=== Provided material ===
┄┄┄┄┄┄┄┄┄┄

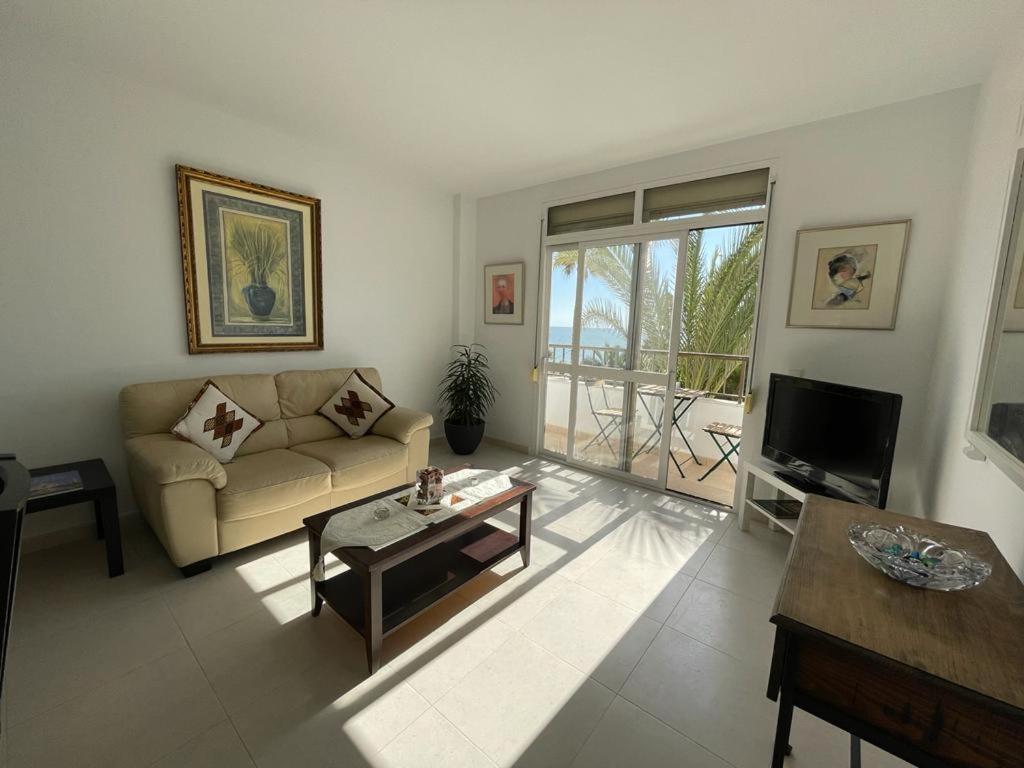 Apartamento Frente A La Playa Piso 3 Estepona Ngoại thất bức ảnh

┄┄┄┄┄┄┄┄┄┄

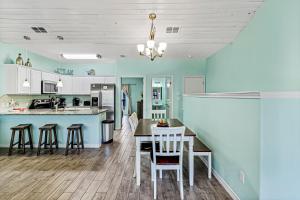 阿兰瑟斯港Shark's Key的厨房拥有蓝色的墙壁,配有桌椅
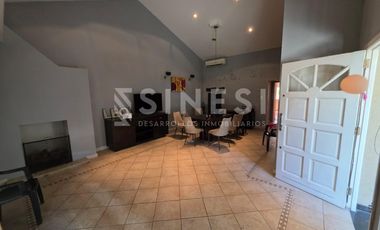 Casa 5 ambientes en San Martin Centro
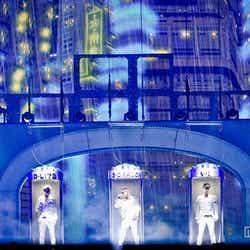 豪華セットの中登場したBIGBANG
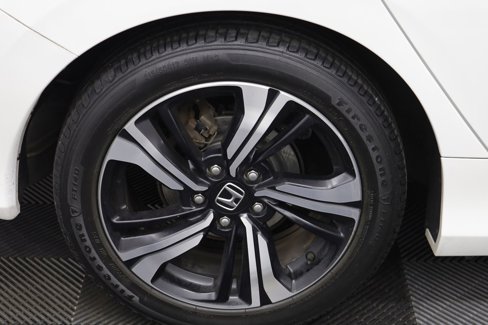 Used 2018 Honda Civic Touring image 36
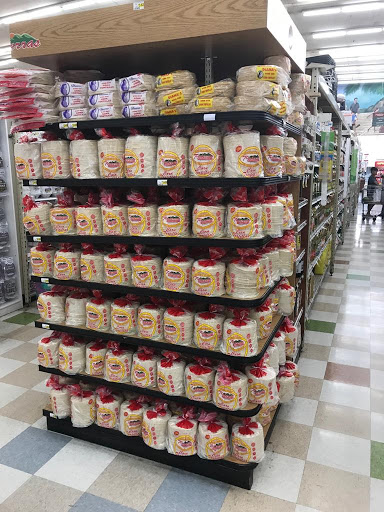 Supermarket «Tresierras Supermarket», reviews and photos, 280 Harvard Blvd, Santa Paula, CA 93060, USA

┄┄┄┄┄┄┄┄┄┄

=== Work item ===
What's needed is an exact copy of the records above from the line containing "Casa 5 ambientes en San Martin Centro" down to the line containing "CA 93060, USA", both included, without any pictures.

=== Result of the exercise ===
 Casa 5 ambientes en San Martin Centro
 豪華セットの中登場したBIGBANG
 Used 2018 Honda Civic Touring image 36
 Supermarket «Tresierras Supermarket», reviews and photos, 280 Harvard Blvd, Santa Paula, CA 93060, USA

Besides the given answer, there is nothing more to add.